Go through the listing below and write out exactly the lines from the one that mentions "The May 2021" through the one that mentions "I'll say color", minus the pictures.

Records Start Marker

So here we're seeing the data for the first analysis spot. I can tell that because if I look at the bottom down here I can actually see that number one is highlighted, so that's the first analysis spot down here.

Records End Marker
Records Start Marker

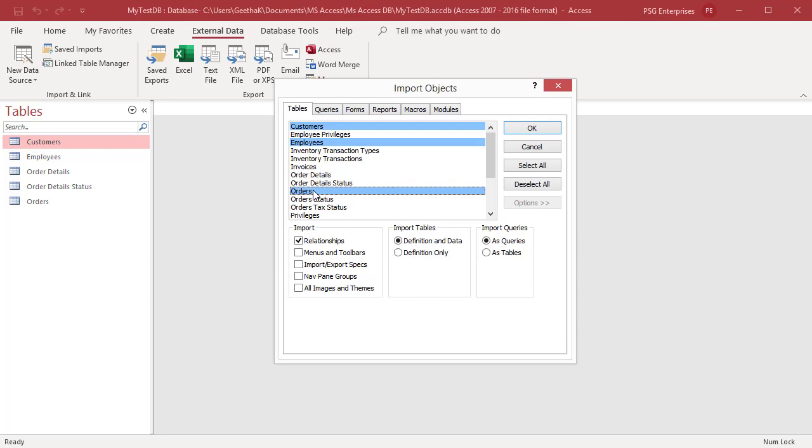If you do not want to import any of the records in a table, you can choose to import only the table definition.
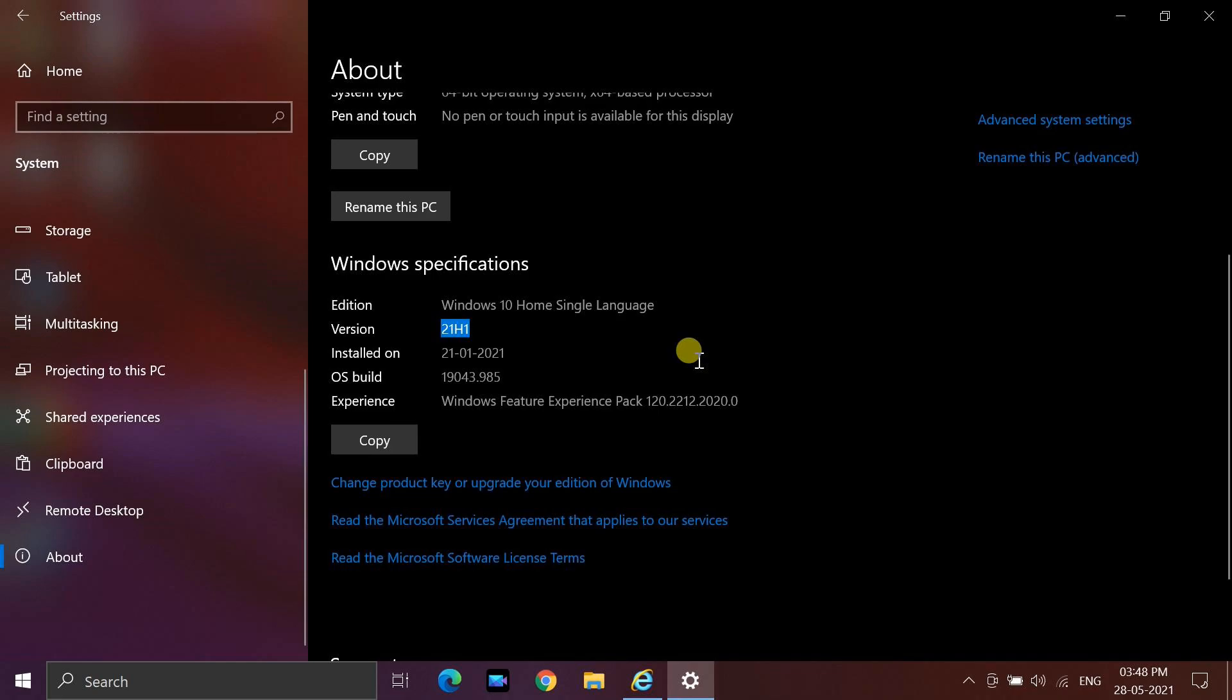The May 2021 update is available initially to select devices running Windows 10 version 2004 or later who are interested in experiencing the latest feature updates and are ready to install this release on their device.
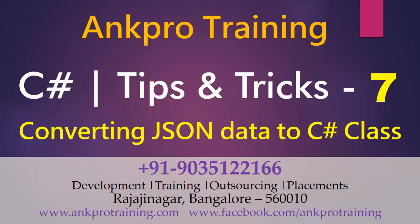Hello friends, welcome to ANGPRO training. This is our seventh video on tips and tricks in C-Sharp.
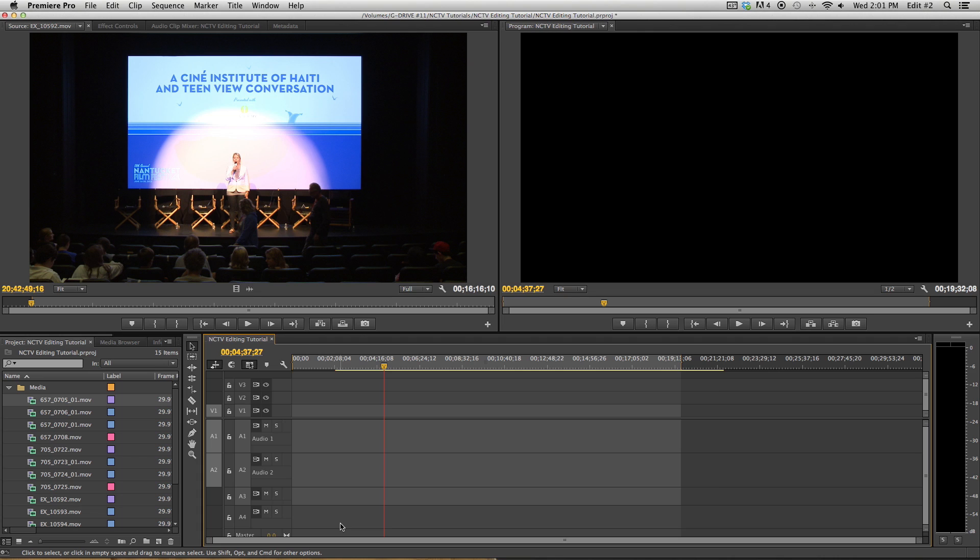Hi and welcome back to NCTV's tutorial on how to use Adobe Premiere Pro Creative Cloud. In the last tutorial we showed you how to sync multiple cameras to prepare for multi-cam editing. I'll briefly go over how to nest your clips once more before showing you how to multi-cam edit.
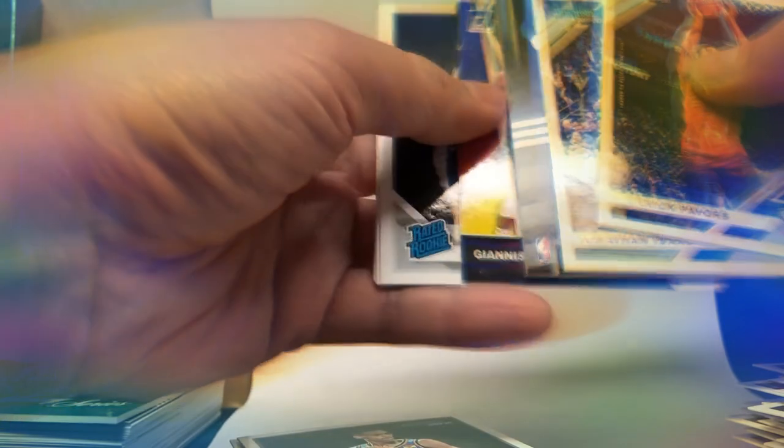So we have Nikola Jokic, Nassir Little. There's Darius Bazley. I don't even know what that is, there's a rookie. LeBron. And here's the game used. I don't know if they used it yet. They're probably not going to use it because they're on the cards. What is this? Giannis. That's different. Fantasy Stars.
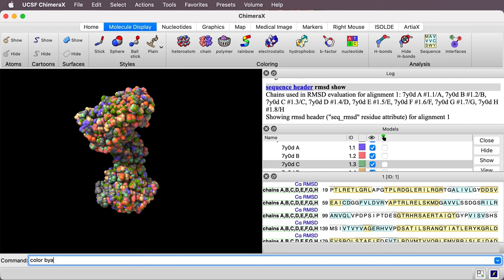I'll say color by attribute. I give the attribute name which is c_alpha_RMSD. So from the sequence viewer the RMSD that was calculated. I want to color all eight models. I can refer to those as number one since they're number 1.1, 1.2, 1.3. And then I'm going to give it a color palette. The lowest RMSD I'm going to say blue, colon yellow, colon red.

Records End Marker

**Output of the exercise**
The May 2021 update is available initially to select devices running Windows 10 version 2004 or later who are interested in experiencing the latest feature updates and are ready to install this release on their device.
Hello friends, welcome to ANGPRO training. This is our seventh video on tips and tricks in C-Sharp.
Hi and welcome back to NCTV's tutorial on how to use Adobe Premiere Pro Creative Cloud. In the last tutorial we showed you how to sync multiple cameras to prepare for multi-cam editing. I'll briefly go over how to nest your clips once more before showing you how to multi-cam edit.
So we have Nikola Jokic, Nassir Little. There's Darius Bazley. I don't even know what that is, there's a rookie. LeBron. And here's the game used. I don't know if they used it yet. They're probably not going to use it because they're on the cards. What is this? Giannis. That's different. Fantasy Stars.
I'll say color by attribute. I give the attribute name which is c_alpha_RMSD. So from the sequence viewer the RMSD that was calculated. I want to color all eight models. I can refer to those as number one since they're number 1.1, 1.2, 1.3. And then I'm going to give it a color palette. The lowest RMSD I'm going to say blue, colon yellow, colon red.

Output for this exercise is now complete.